__Problem statement__
Leaving out the pictures, return each line of the entries from the first through the line with "Jojolomo Kids Apron", and only those lines.

##### Stored data #####

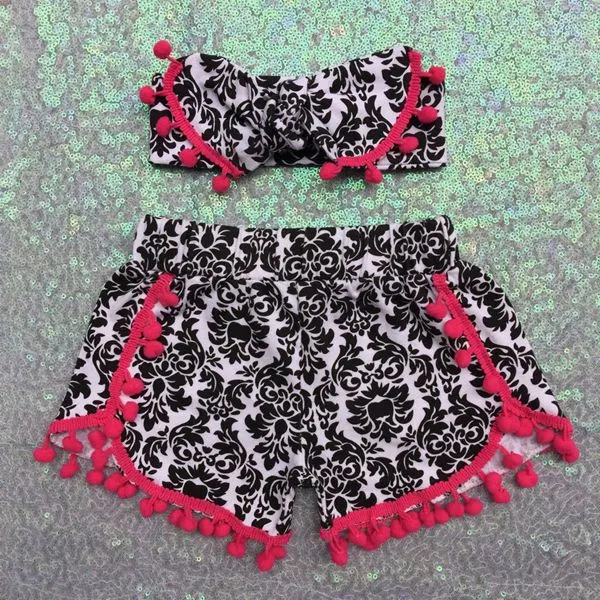 bébé flore léopard flore pompons shorts bandeau d'été filles Floral Pom Pom shorts filles shorts bébé shorts aztec pom pom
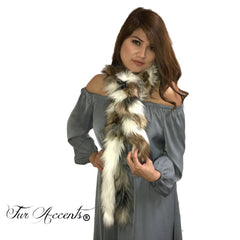 Exotic Faux Fur Braided Scarf Luxurious Plush Designer Fashion Fur Coyote, Gray Raccoon, White Fox - Braided  Fur Scarves by Fur Accents USA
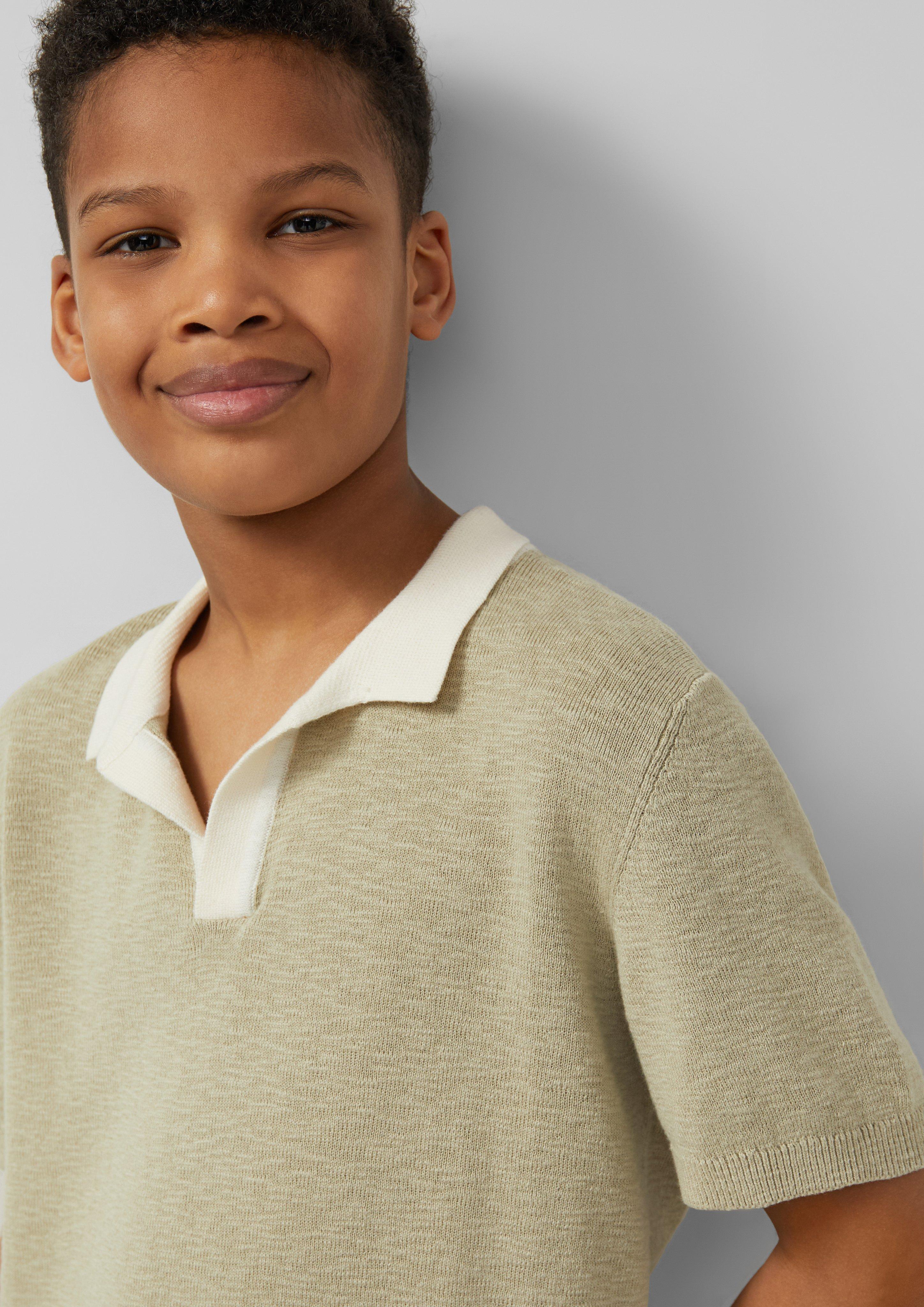Strick-Poloshirt mit Rippbündchen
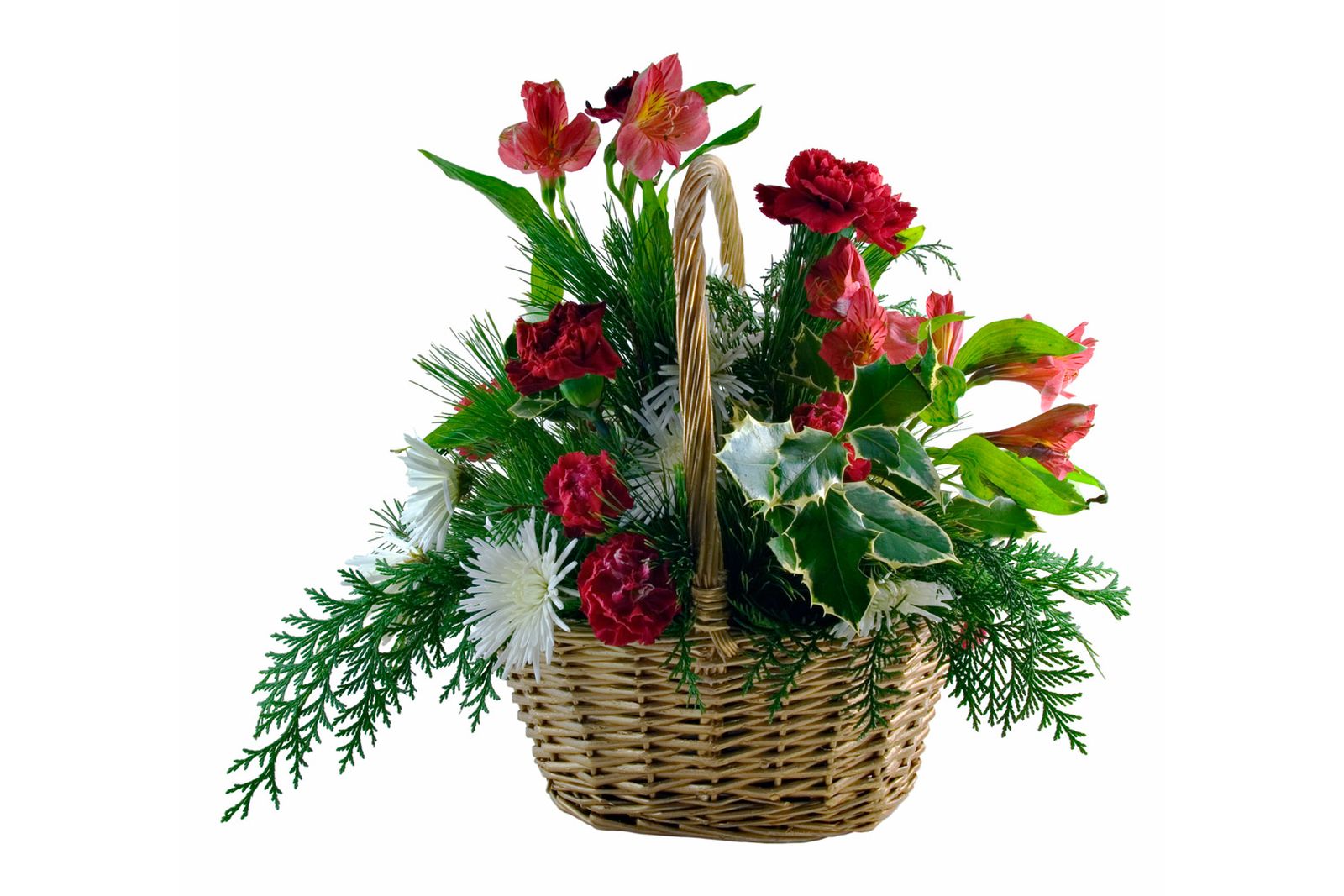 Composición floral navideña en cestos de mimbre de jardineria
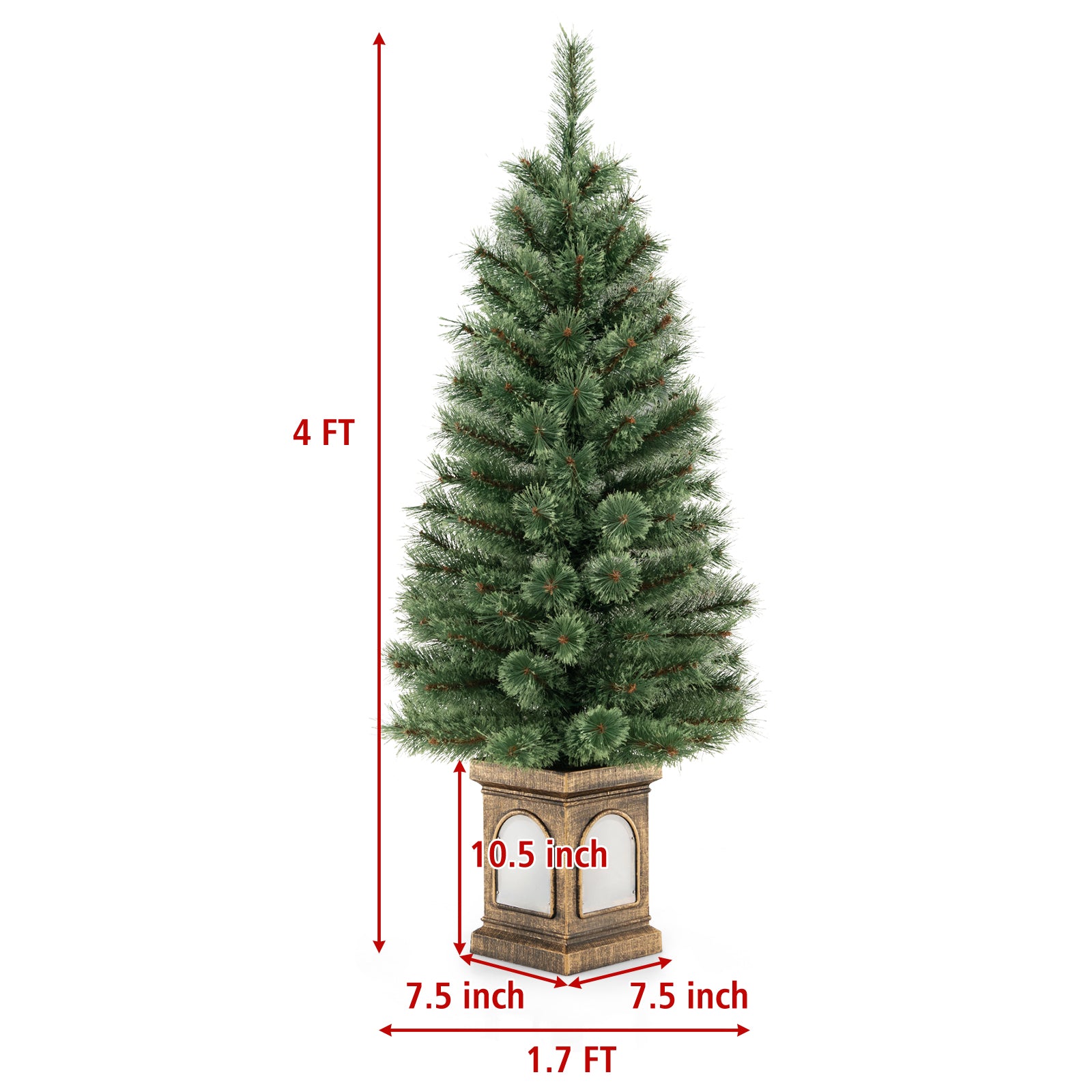 4 Feet Pre-Lit Potted Christmas Tree, Pine Needles, Green Christmas Tree at Gallery Canada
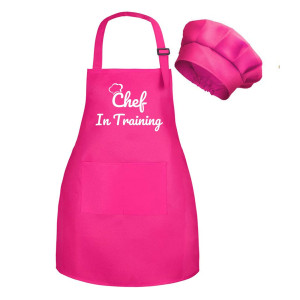 Jojolomo Kids Apron And Chef Hat Set Chef In Training Funny Child Apron With 2 Pockets Children Adjustable For Boys Girls Kitc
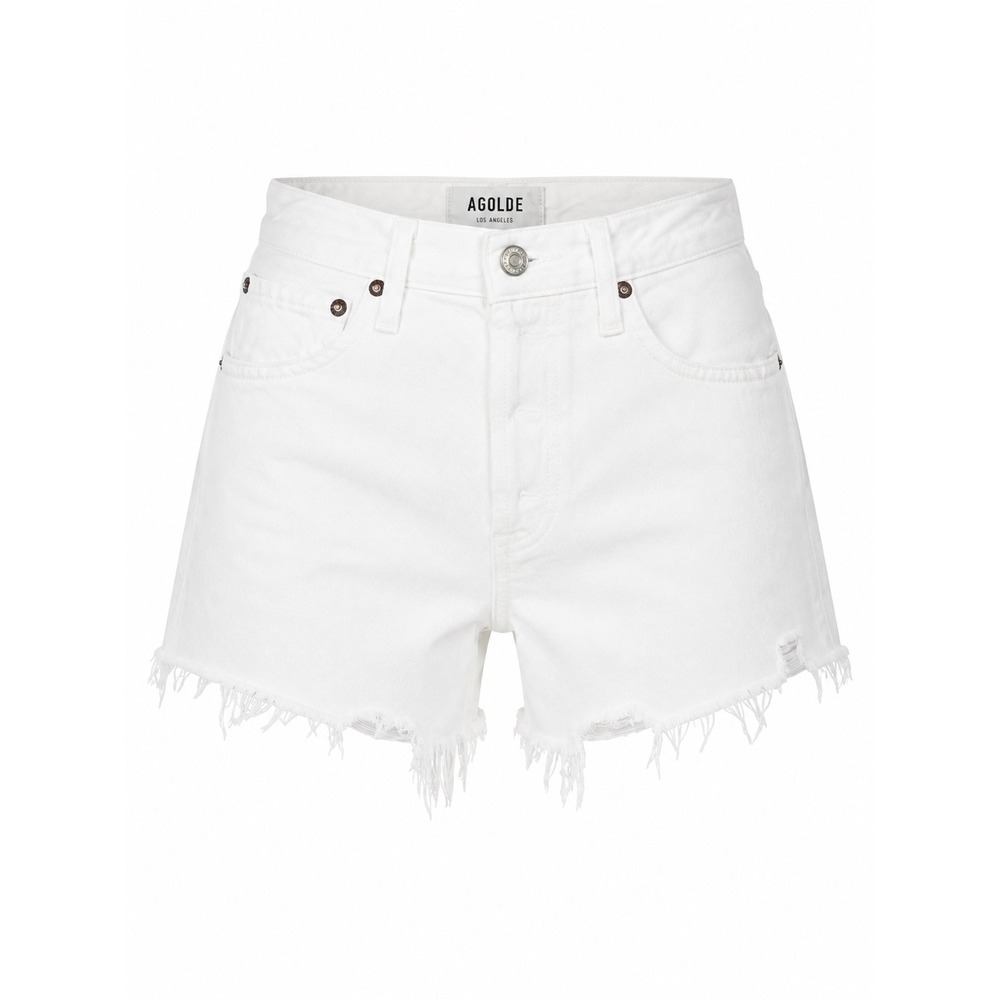 NWT AGOLDE Parker Vintage Cut Off Denim Shorts White Dough Size 28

#####

__Your response__
 bébé flore léopard flore pompons shorts bandeau d'été filles Floral Pom Pom shorts filles shorts bébé shorts aztec pom pom
 Exotic Faux Fur Braided Scarf Luxurious Plush Designer Fashion Fur Coyote, Gray Raccoon, White Fox - Braided  Fur Scarves by Fur Accents USA
Strick-Poloshirt mit Rippbündchen
 Composición floral navideña en cestos de mimbre de jardineria
 4 Feet Pre-Lit Potted Christmas Tree, Pine Needles, Green Christmas Tree at Gallery Canada
 Jojolomo Kids Apron And Chef Hat Set Chef In Training Funny Child Apron With 2 Pockets Children Adjustable For Boys Girls Kitc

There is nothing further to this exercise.